Have you ever considered the arrogance exhibited when humankind attempts to "understand" God? This is not something that has just come on the scene in these "enlightened" years. Satan was able to tempt Adam and Eve with the possibility of being as wise as God. The people of the tower which came to be called “Babel” were building a tower to reach heaven. Job was certain that he could contend with God if God would just show His face. Through the ages men and women have been determined to improve upon or redirect God's plans. We are not different today.

Libraries and bookstores are filled with publications which purport to explain some deep mystery of God's nature or intention. The sobering fact remains that all we know about God is what He has chosen to reveal. Even that often exceeds our feeble powers to fully reconcile. The fact is that God is transcendent. That is just a big word to say that God is prior to, superior to, and mysteriously different from anything that humankind sees or understands as physical in the world that God created.

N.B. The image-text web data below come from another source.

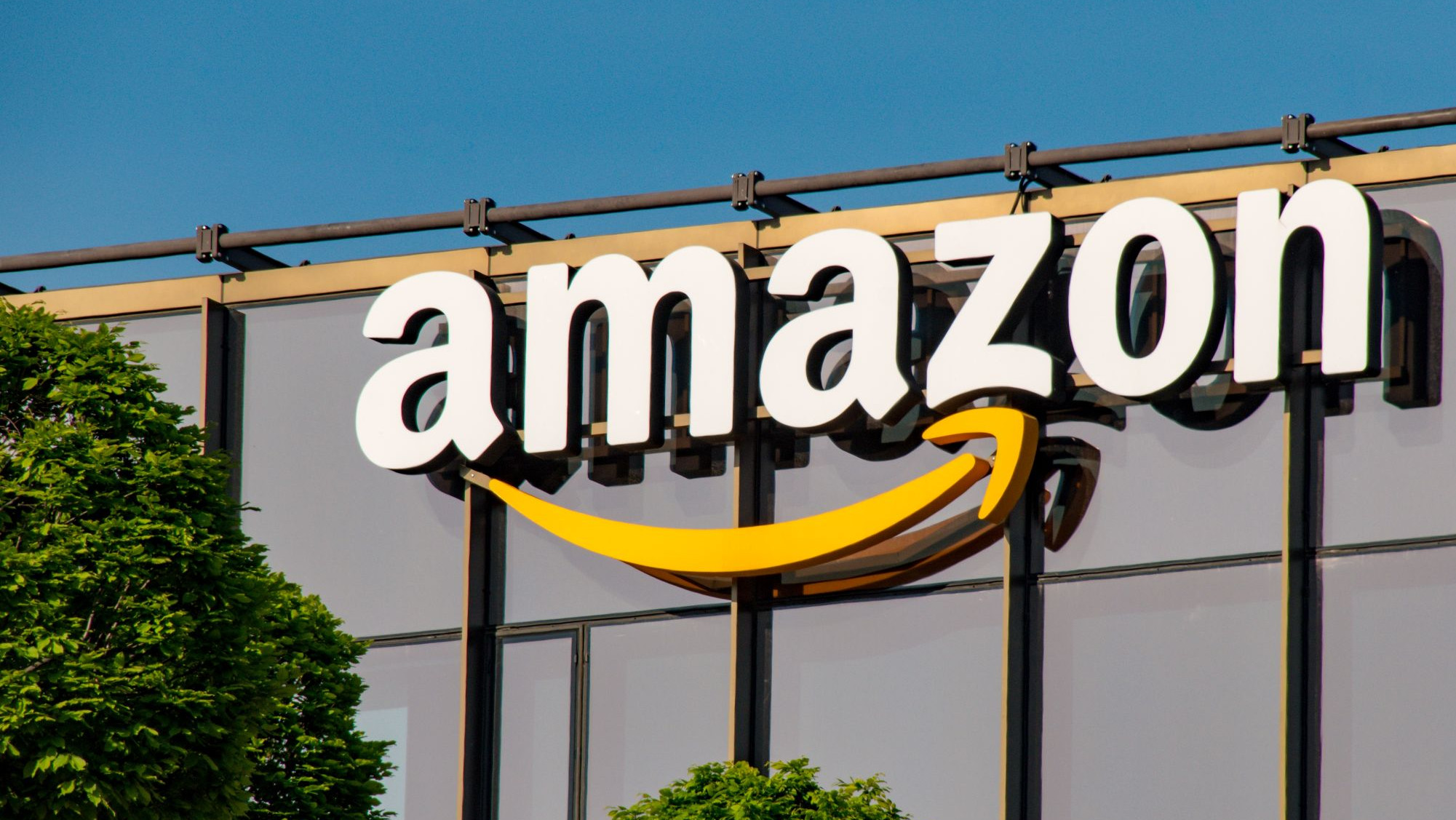 Amazon anuncia corte de 14 mil cargos corporativos e prioriza projetos de IA - Imagem do artigo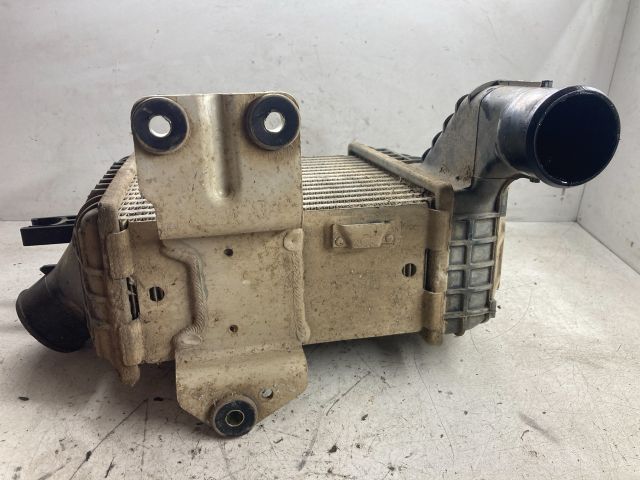 bontott HYUNDAI TUCSON Intercooler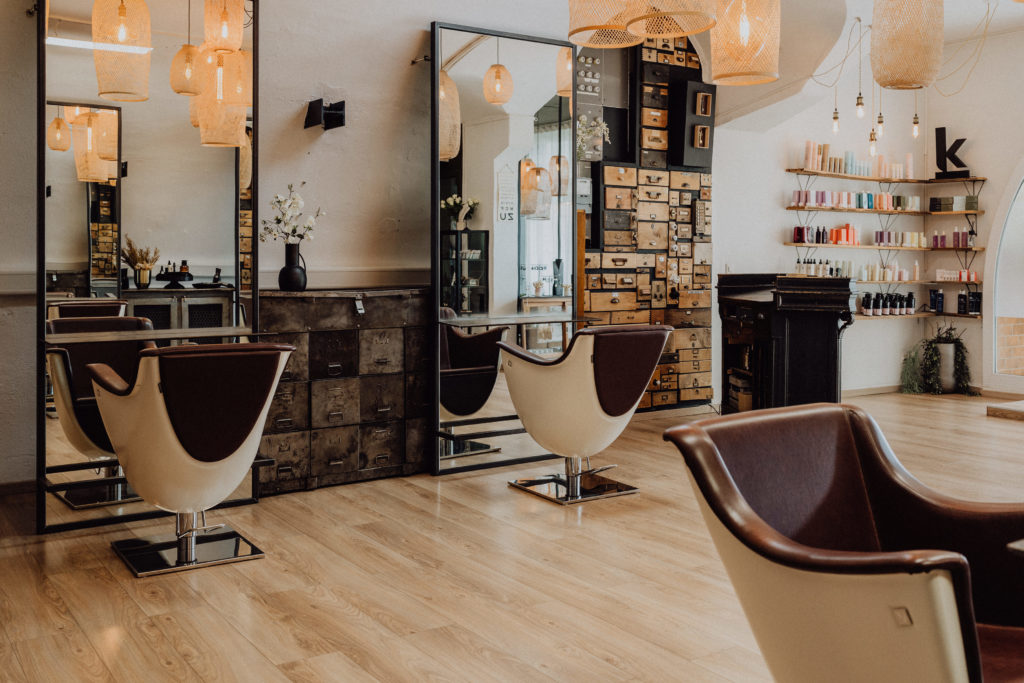 Décoration et aménagement d'un salon de coiffure 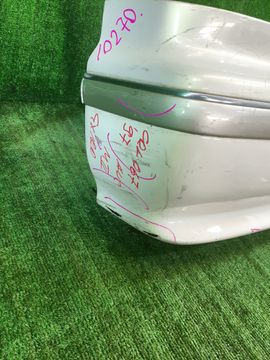 БАМПЕР НА TOYOTA MARK II GX100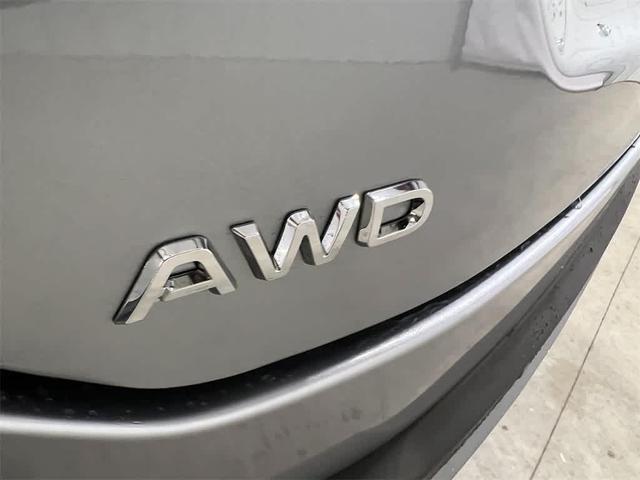 Photo of 2025 Lunar Silver Metallic Honda Pilot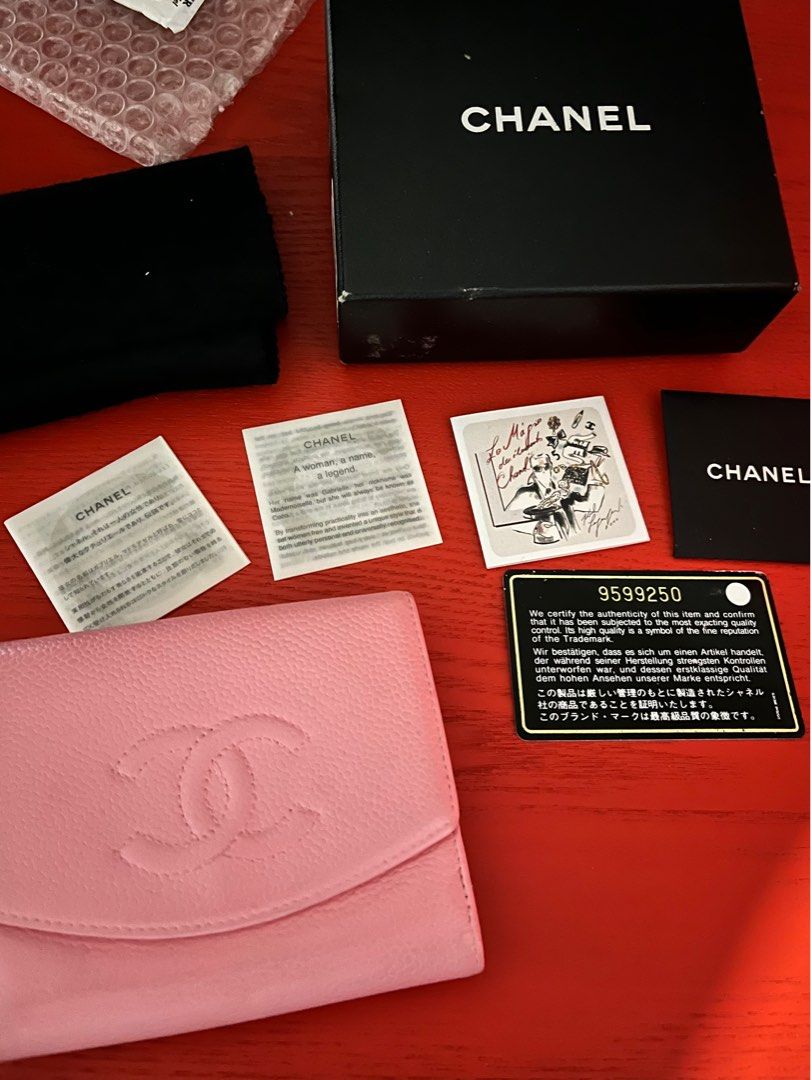 Authentic W Hook Caviar Chanel Wallet (Category: Luxury Bags & Wallets) located in Muntinlupa City. Submitted by alsthings (Listing ID 1297431028, Image 2). Description: Inclusions: box, cloth, care cards, authenticity card, holo intact. A similar style is still being sold for 20k with less inclusions (see last slide) Bought in Japan. Caviar leather. Only flaw I can see is the dirty coin slot which is expected since this is preloved. The folds in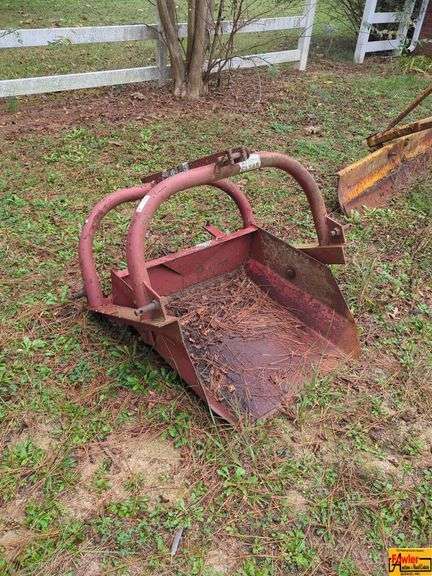 Tractor Mounted Scoop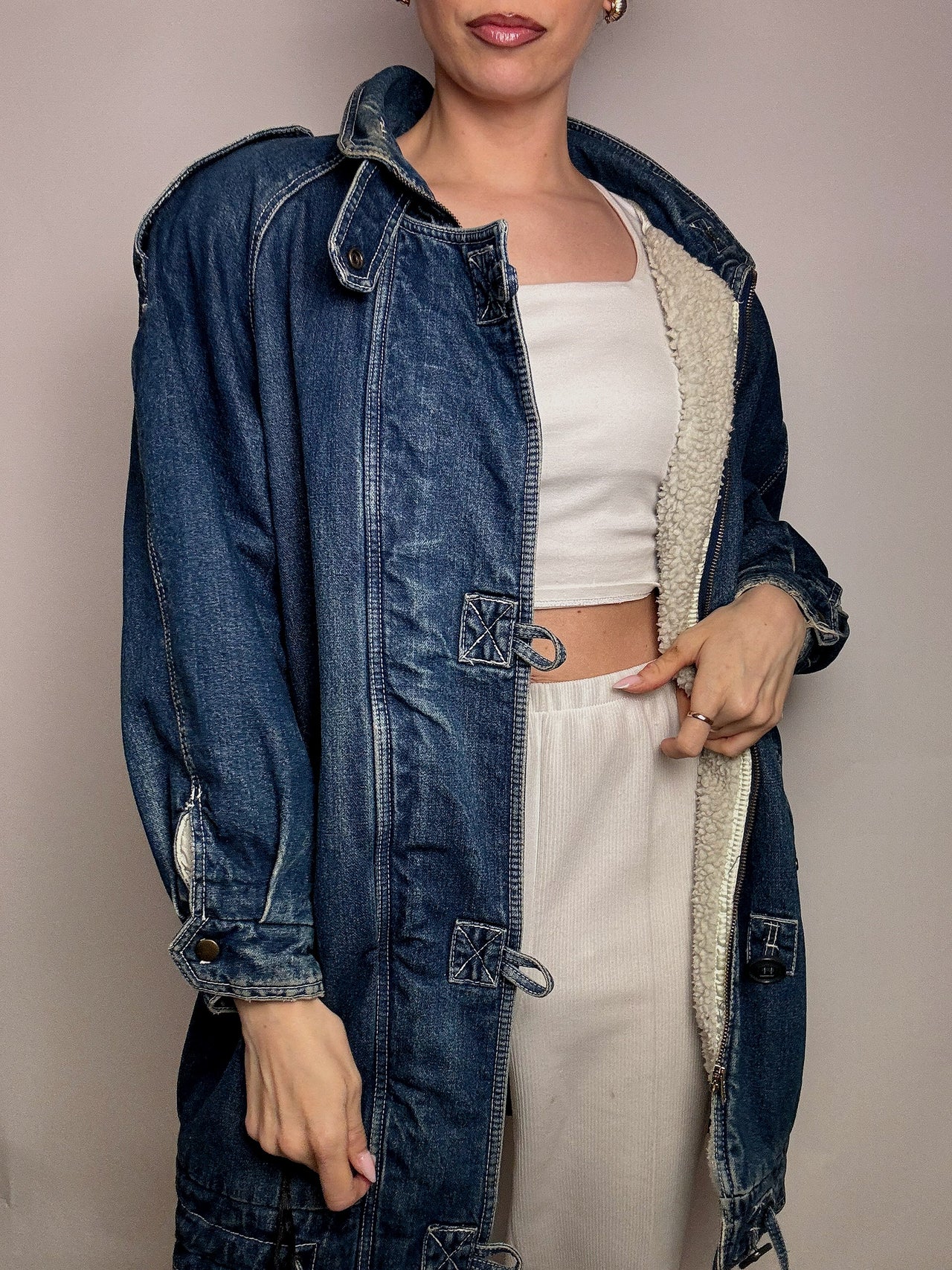 Vintage L gewaschener Denim-Parka mit Pelzfutter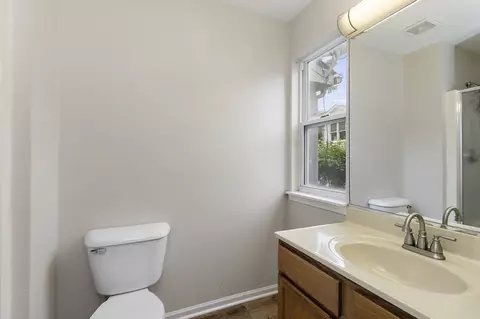 Bath - 1104 Yorkshire Ct #A, Elgin, IL 60120 photo 1 of 2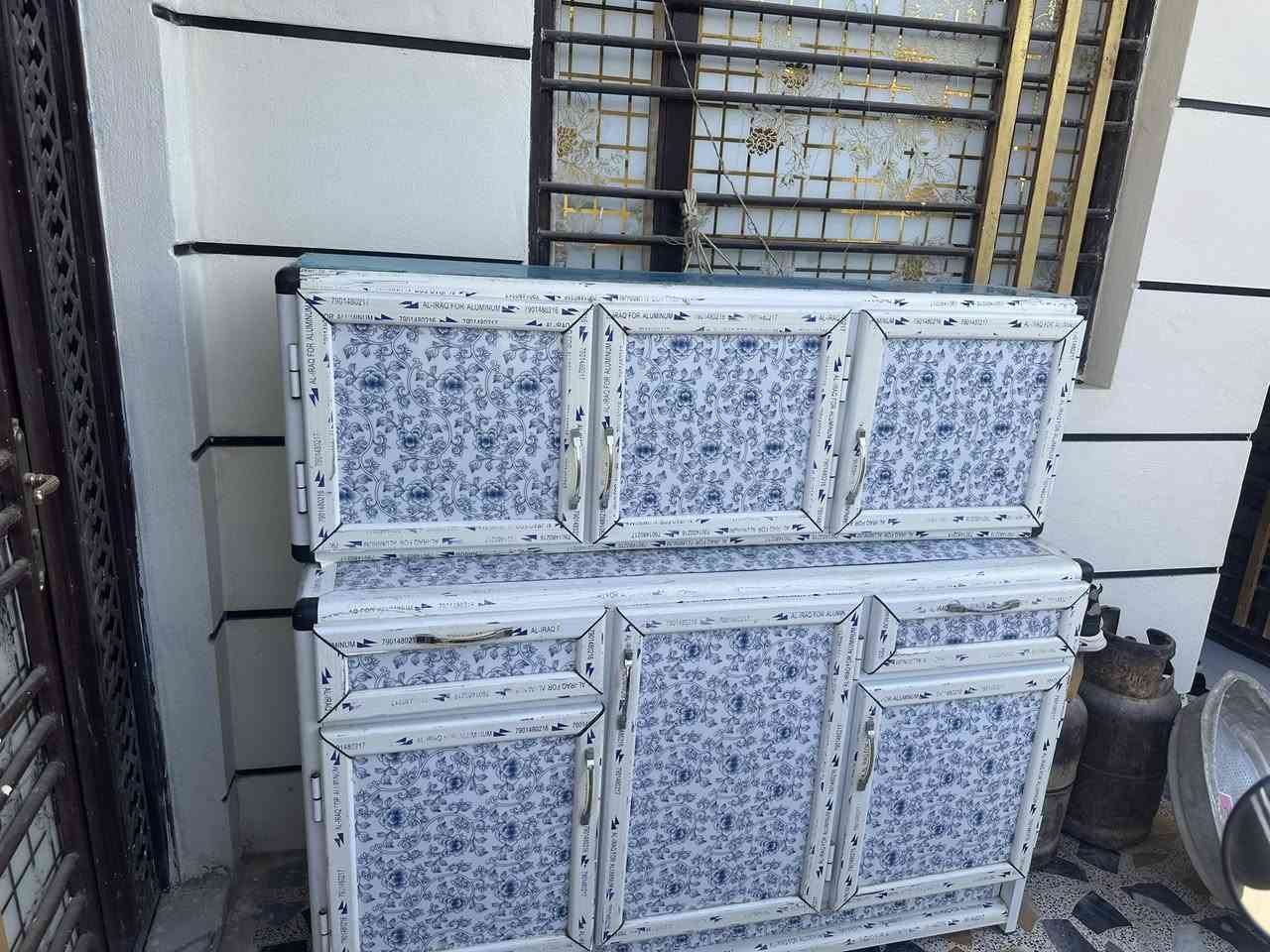 السلام عليكم كاونتر وملحق متر ونص جديد كلش قيم السعر بال يرضى الله للاتصال ***********
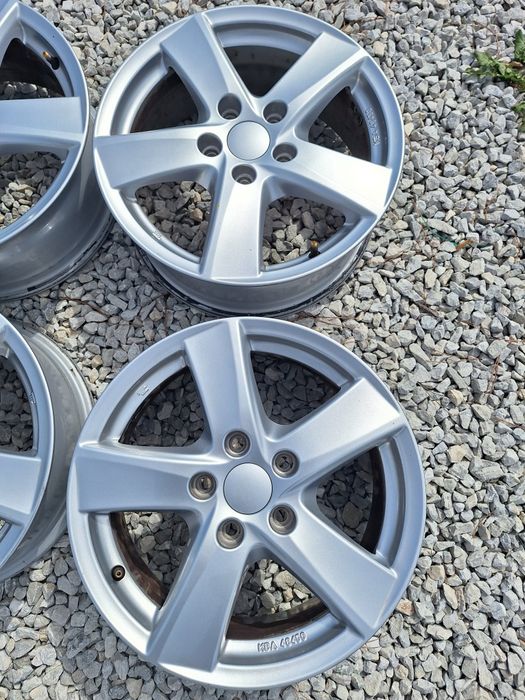 5x112.16 цола. 6.5j ET50. Alutec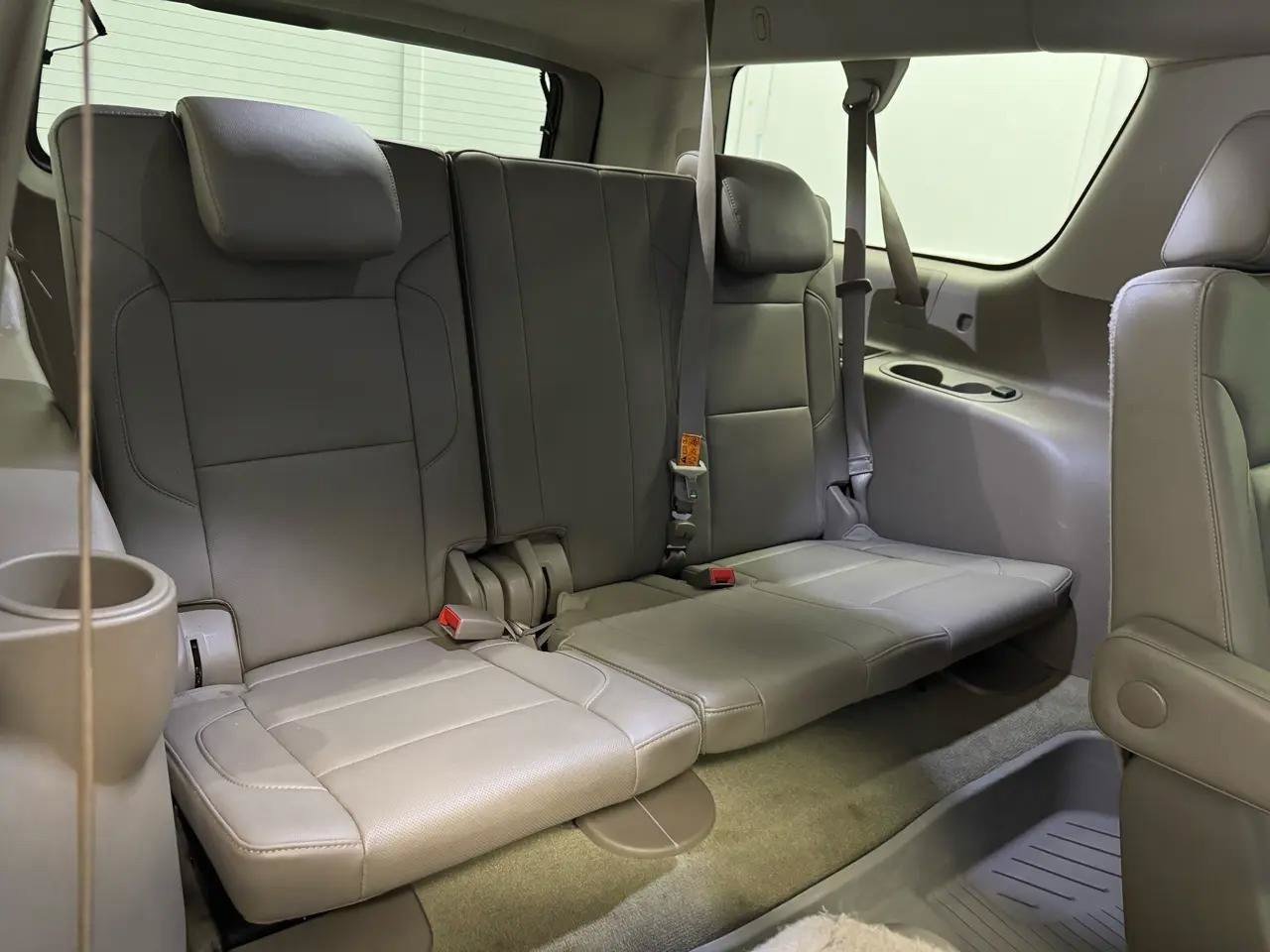 Used 2016 Chevrolet Suburban LTZ AWD/4WD image 23
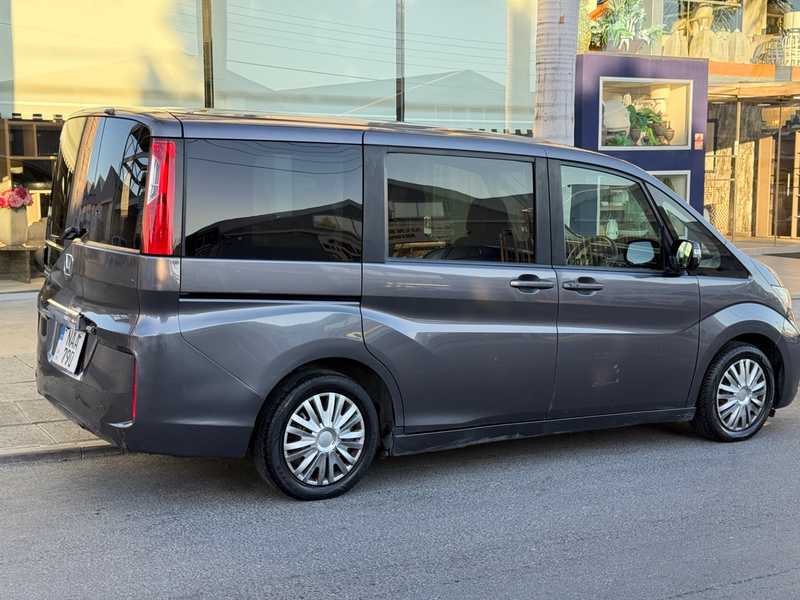 2015 Honda Stepwagon 1,5L 2015 Cyprus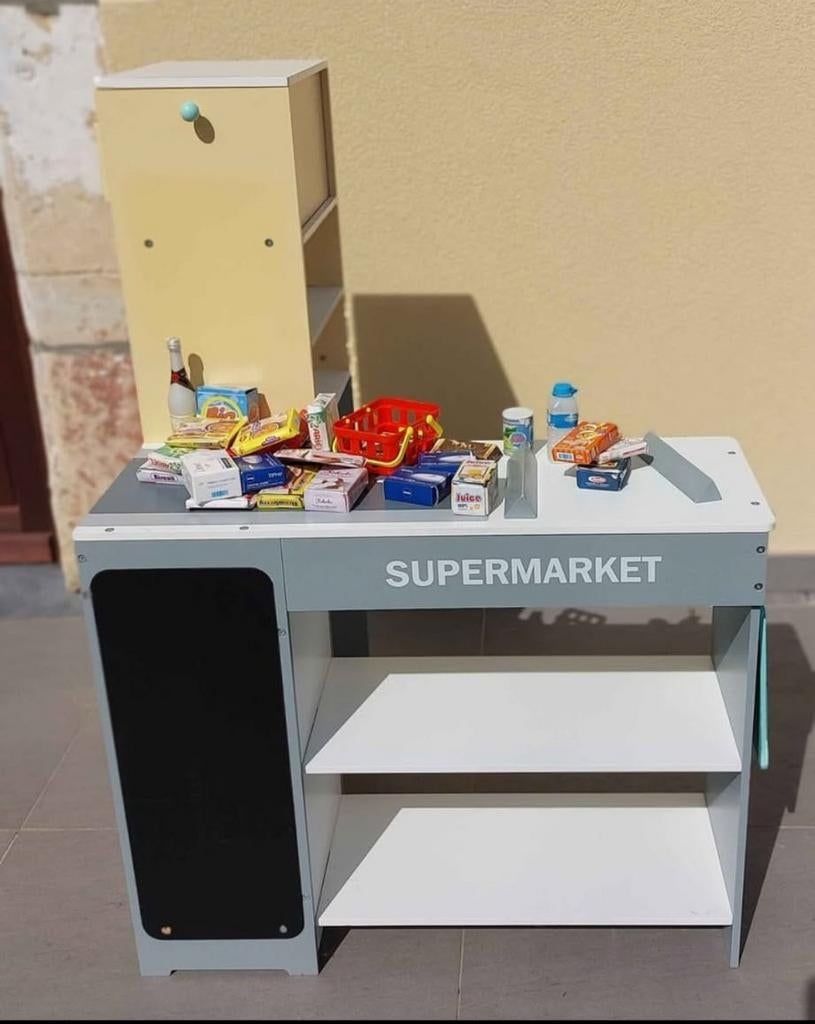 Houten supermarkt met accessoires, Ophalen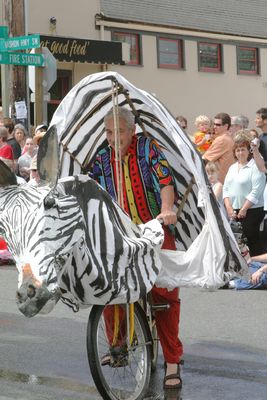 9590 Festival 05 Parade1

When God confronted the godly man Job, the Almighty asks him a series of questions which are fundamental to the understanding of physical things. Job could not answer them. God then chides Job, "Who is this that obscures my counsel without knowledge?" (Job 42:3 NIV). Job's confession is pertinent to modern man's arrogance:

I have heard of You by the hearing of the ear;
But now my eye sees You;
Therefore I retract,
And I repent in dust and ashes
(Job 42:5-6).

God will not be fathomed or contained in the limited minds of mere men and women.

A little “dust and ashes” might be a good prescription for humanity's current arrogance.

Even in matters which we assume as common, their depth is not fathomed. In smugness, modern commentators continue to "simplify" such matters as the work of the Holy Spirit. Jesus, on the other hand, confronts the teacher Nicodemus with the fact that he, the great teacher of Israel, cannot even explain natural phenomena; how does he expect to understand the working of the Spirit?

Jesus asks Nicodemus, "If I told you earthly things and you do not believe, how will you believe if I tell you heavenly things?" (John 3:12).

God confronted Job with it. Jesus confronted Nicodemus with it. We are called to it. The "it" is a step beyond understanding. The "it" is simply accepting as truth what God tells us. This is likely the extreme stretch of our ability — or at least our will. But really, how can anyone who cannot fully believe what God tells him or her, ever expect to fathom the why and the how of God's will?

Adam and Eve brought sin, sickness and death into the world because they could not accept what God had clearly communicated to them. The people of Babel ushered in the confusion of languages, attempting to exceed the boundaries of God. Nicodemus almost missed the coming of the Kingdom of God because his intellect demanded explanation instead of obedience. Today many will not find the peace of reconciliation with their Father God because they will not allow Him to be God. God is to be believed. He may be explored, but he will not be fathomed or contained in the limited minds of mere men and women.